**ACTION ITEM**. Starting at the line that contains "Rückansicht von Nike", write out every line through the last one in the records below, word for word. Leave out any pictures.

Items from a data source
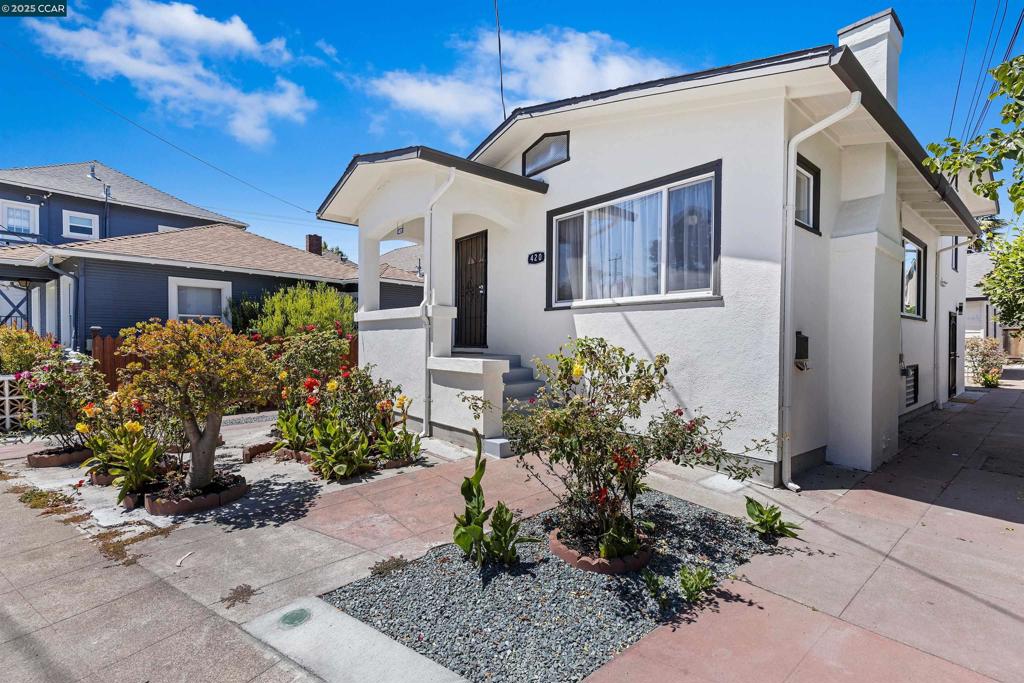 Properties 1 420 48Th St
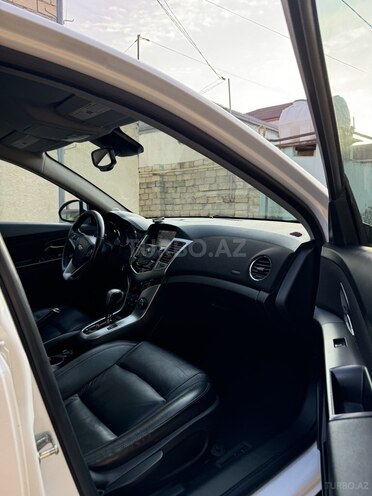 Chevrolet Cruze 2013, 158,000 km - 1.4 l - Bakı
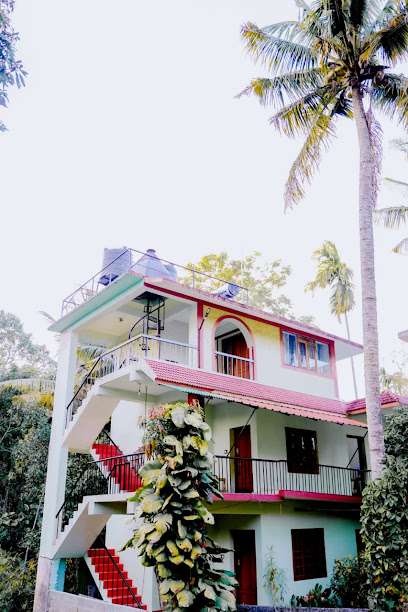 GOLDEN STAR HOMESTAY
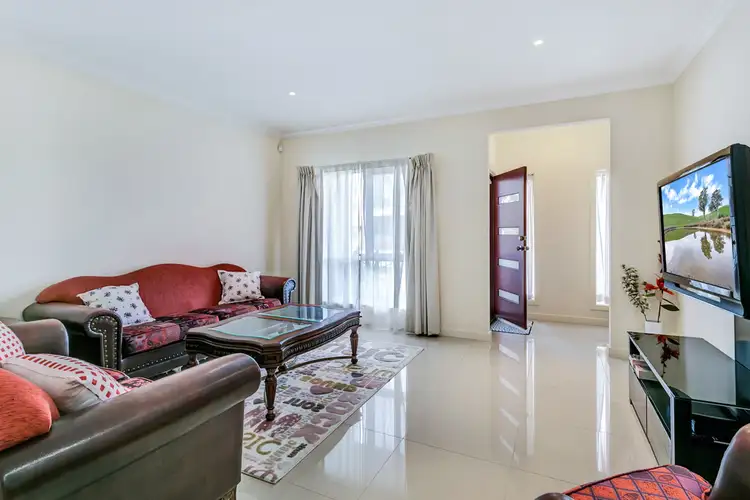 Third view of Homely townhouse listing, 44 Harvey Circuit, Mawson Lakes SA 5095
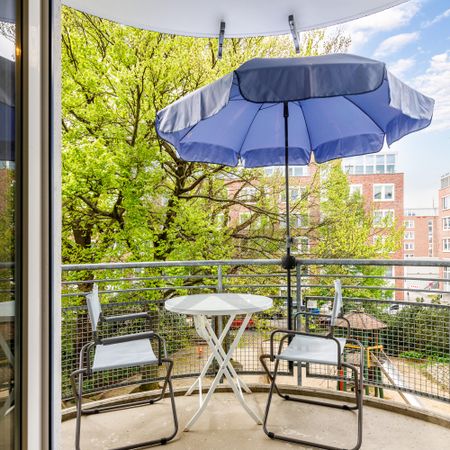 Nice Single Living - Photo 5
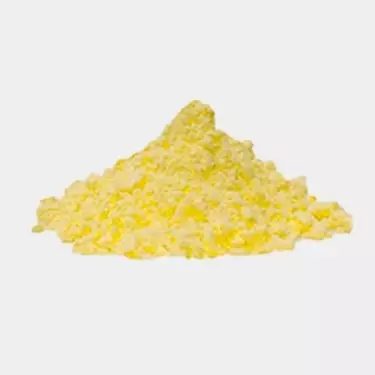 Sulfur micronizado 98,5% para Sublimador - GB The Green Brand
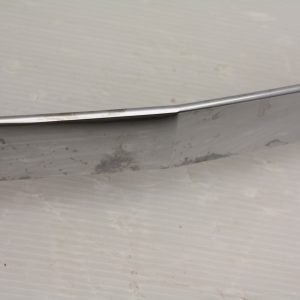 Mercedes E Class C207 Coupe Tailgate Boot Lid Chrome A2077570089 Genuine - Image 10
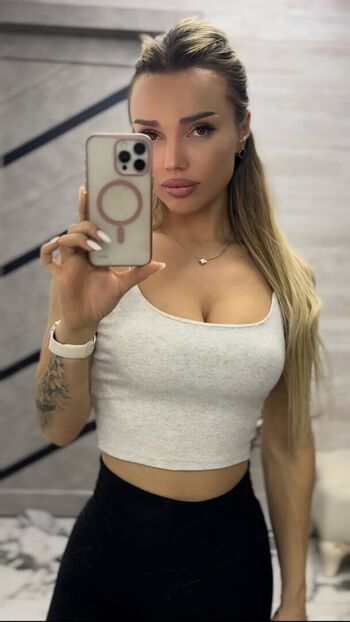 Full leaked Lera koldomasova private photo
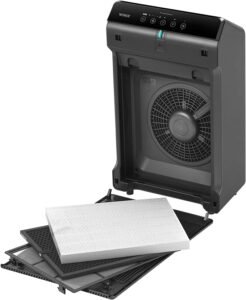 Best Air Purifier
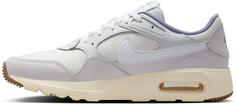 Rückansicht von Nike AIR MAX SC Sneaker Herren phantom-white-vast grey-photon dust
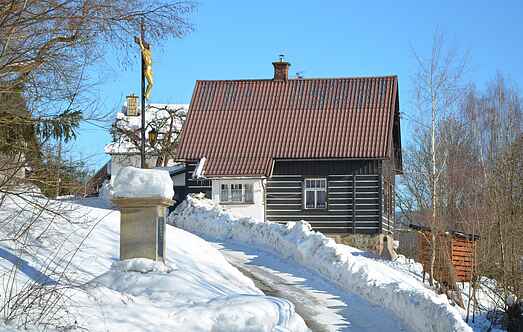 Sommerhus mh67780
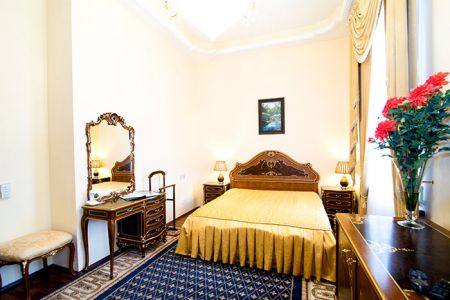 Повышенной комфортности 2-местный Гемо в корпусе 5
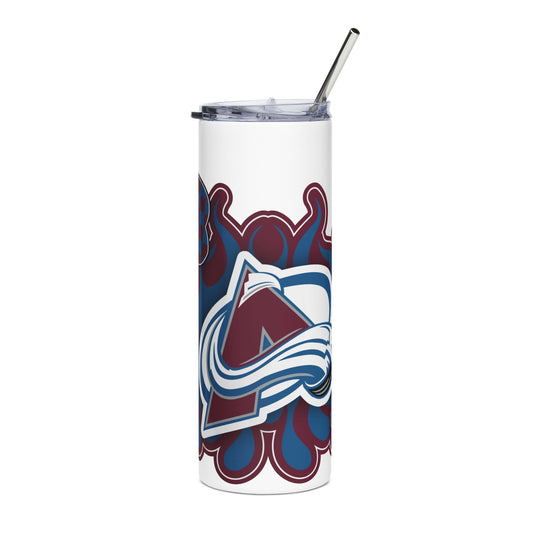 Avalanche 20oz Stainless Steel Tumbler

**RESPONSE TO THE TASK**.
 Rückansicht von Nike AIR MAX SC Sneaker Herren phantom-white-vast grey-photon dust
 Sommerhus mh67780
 Повышенной комфортности 2-местный Гемо в корпусе 5
 Avalanche 20oz Stainless Steel Tumbler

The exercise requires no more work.